Factually, the parties do not dispute that the treatment unit meets the technical requirements for bearing a CE mark. Claimants have in this respect produced all certificates.
The defendant only alleges that the mark itself is absent from the treatment unit. In contrast to the straight-forward case where an article that bears a mark or lacks a mark does not meet the requirements for issuance of the mark, this does not constitute, a material defect in the acquired treatment unit however.
The term material defect is defined in § 434 BGB. According to Sentence 1, the agreed quality of the article needs to be considered in the first step; a specific quality was not agreed in this case. According to Sentence 2, one then needs to examine the suitability for the use presupposed according to the contract, otherwise the suitability for ordinary use when the article is of a quality that is customary for articles of the same kind and that the buyer can expect for articles of this kind.
The ability by the defendant to use the acquired treatment unit as intended is not contested in the present case. The defendant uses the unit as intended in her consulting rooms, as apparent on the one hand from the correspondence subsequent to the technician visit on 05.10.2010, but also from the notice given in respect of the burst fresh water tank, which was first raised in the letter dated 07.06.2011. Apart from the point just mentioned, which will be discussed in more detail later, they claimed no material defects in the classical sense.
The treatment unit is generally designed in the customary manner and in the manner that a buyer can expect. To put it pointedly, the defendant merely complains about a missing sticker, though one that should be present according to the provisions of the MPG [Medical Device Law].

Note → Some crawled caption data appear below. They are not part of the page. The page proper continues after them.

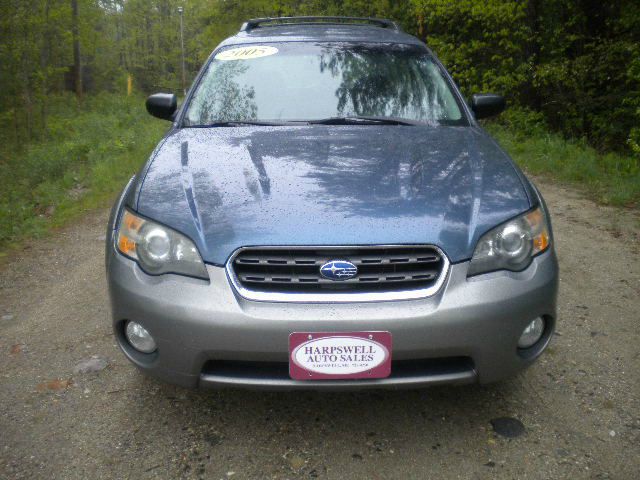 Subaru Outback 2005 photo 29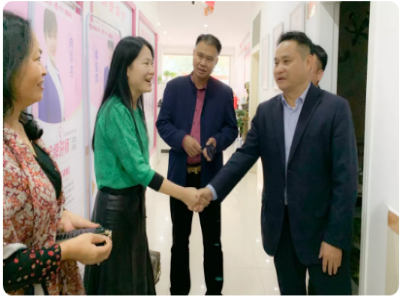 熱烈歡迎珠海市香洲區(qū)獅山街道工商業(yè)促進會會長一行蒞臨同輝家政參觀指導(dǎo)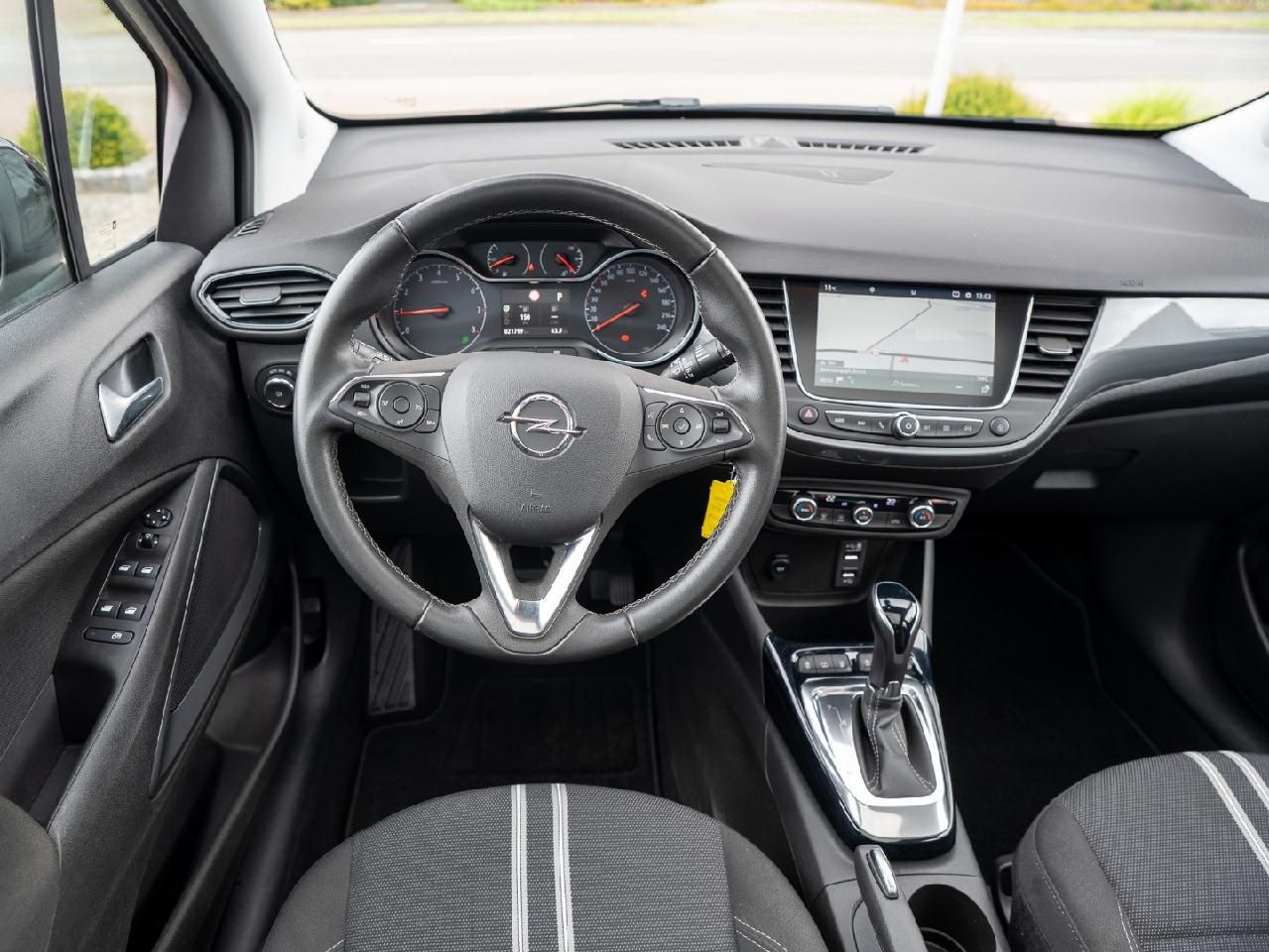 Fahrzeugabbildung Opel Crossland Elegance
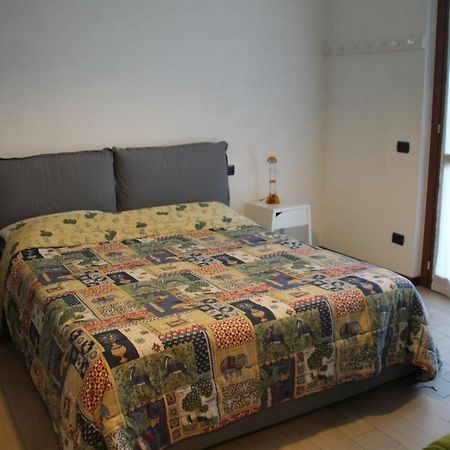 Casa Vacanze Da Riki Appartamento 1 페스키에라델가르다 외부 사진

The evaluation of this constellation in terms of warranty law has not been object of case law as far as we can see, in contrast to the opposite case where a device bears a CE mark but does not meet the corresponding technical requirements. As far as we can see, only Niebling, in DB 1996, 80 ff., has examined this question and found in general that a qualitatively irreproachable article does not suffer from a material defect merely because the mark is missing. He also argues that an impaired ability to re-sell the article does not exist in law, as only the initial making available in the market and beginning to use are covered by criminal or monetary penalties. Only an economic disadvantage could arise from this, but this is likely to be irrelevant from the perspective of warranty law. The situation is only clear if an importer acquires articles that do not bear a mark outside the European Economic Area, as the importer is not authorised to place such articles on the market, but this only concerns the contractual relationship between manufacturer and importer, not between the importer and the ultimate customer. In this latter relationship, the negation of the relevance of the lack in terms of warranty law for material defects is upheld as a matter of principle.
Any damages that the defendant may have suffered owing to the missing mark in this constellation, would need to be captured via § 280 BGB. Corresponding damage claims, which may arise from §§ 42 Para. 1, 41 No. 2 MPG among others, have not been submitted.

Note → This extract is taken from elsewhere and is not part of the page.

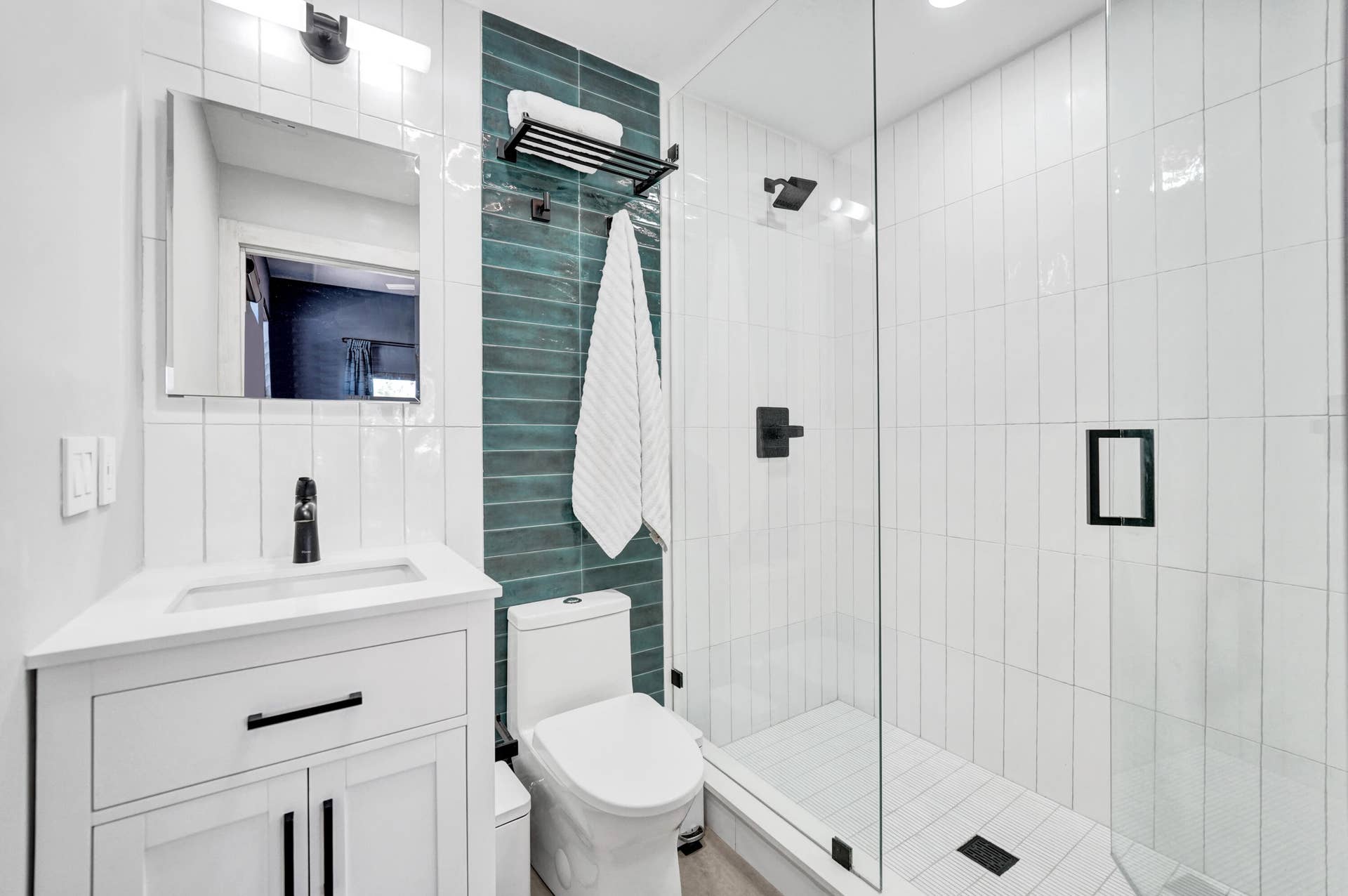 1424 NE 16TH Avenue, Fort Lauderdale, FL 33304 24-second bedroom ensuite bath DSC00022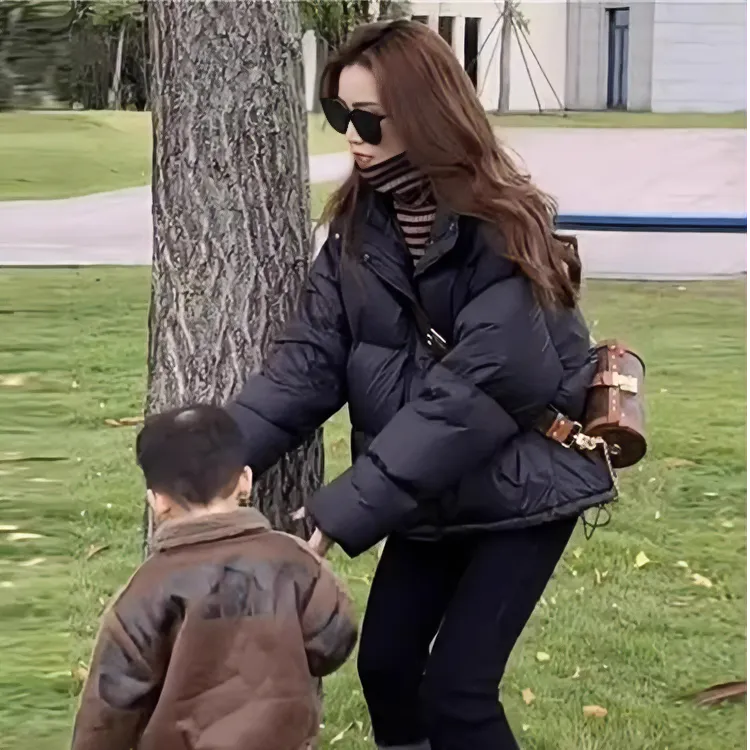 短款棉服女黑色2024冬季新款韩版加厚小个子时尚气质面包服外套女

The missing mark also does not constitute a legal defect according to § 435 BGB, as no third-party rights in the article of any kind can be discerned.

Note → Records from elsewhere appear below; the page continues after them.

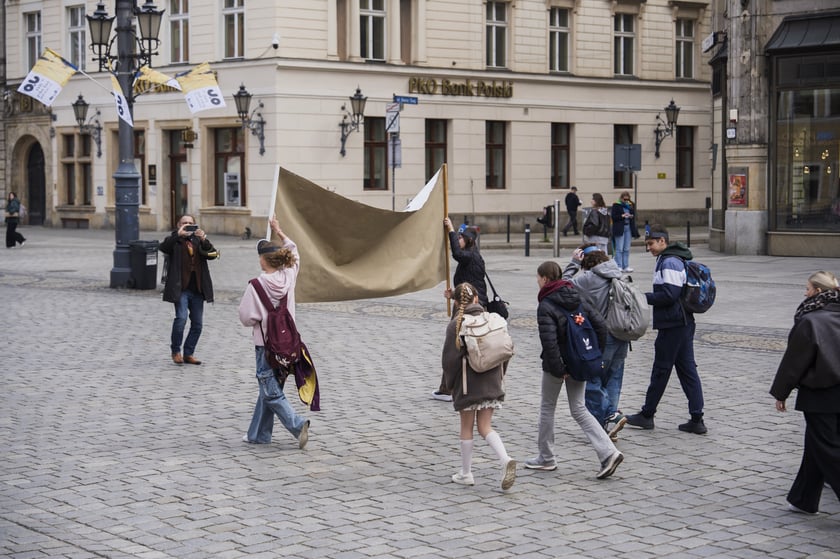 Akcja „Uczniowie listy piszą i wysyłają” na wrocławskim Rynku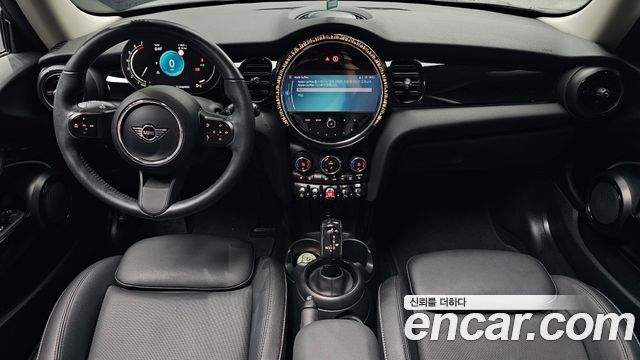 MINI Cooper Classic Plus 3rd 2024 — фото 7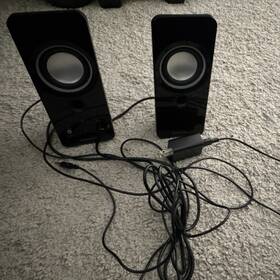 Insignia N5-2810bt 2.0 Channel Wired Computer Speakers Black 3.5mm Jack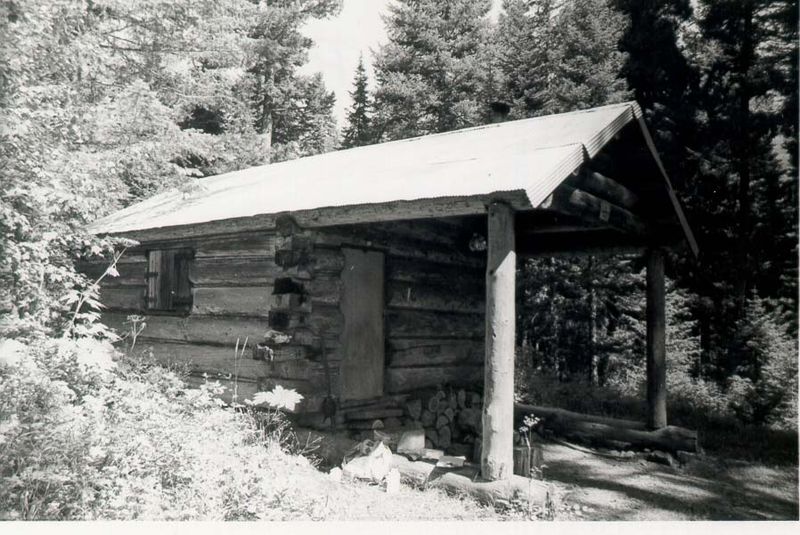 File:Harrison Lake Patrol Cabin NPS.jpg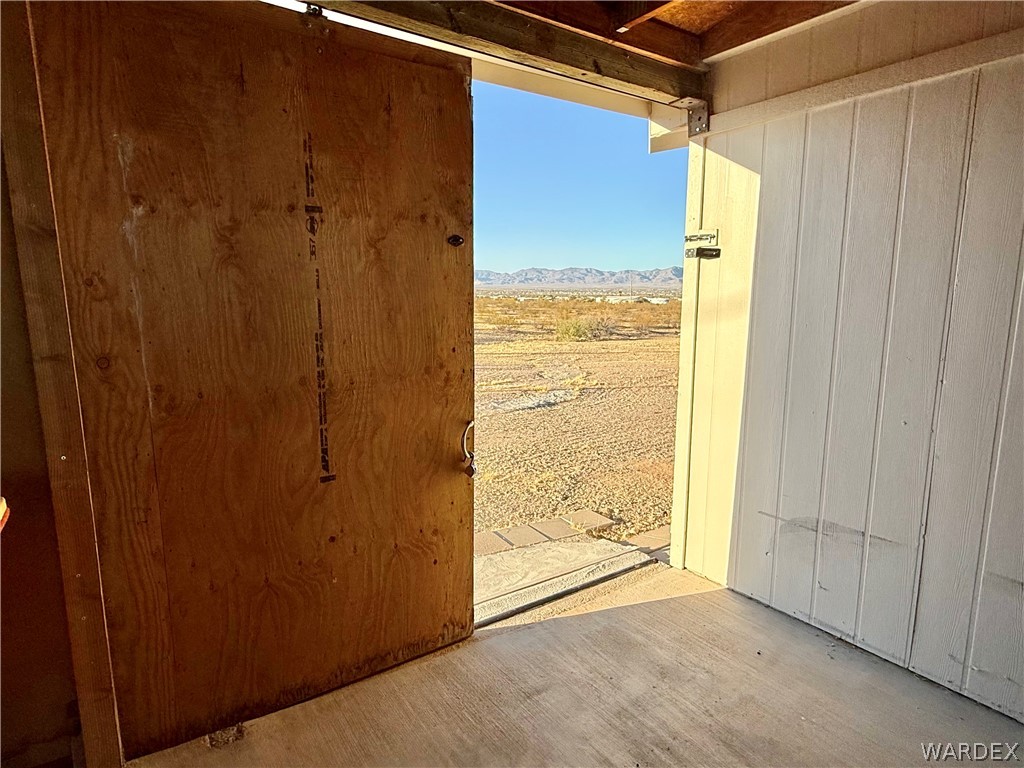 1694 Elgin Road Golden Valley, AZ 86413 - Photo 29 of 37
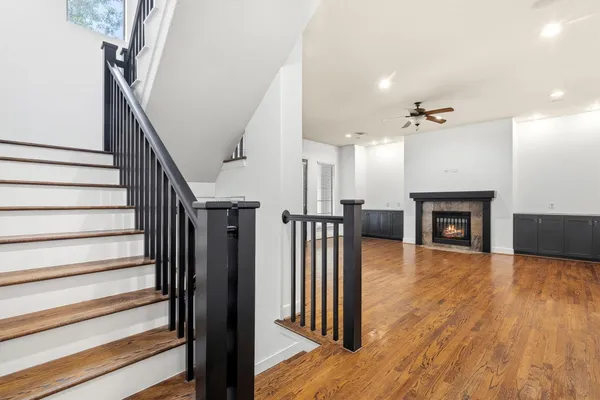 $2,975 | 1605 West 14th Street, Houston, TX 77008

With respect to the burst fresh water tank, the claimant may be entitled to warranty or guarantee claims in the first instance. This does not affect that the purchase price has fallen due for payment. The defendant has not claimed a right of retention in this respect. For this reason, there was no need to re-open oral proceedings to provide an opportunity to the claimant to comment on this new submission.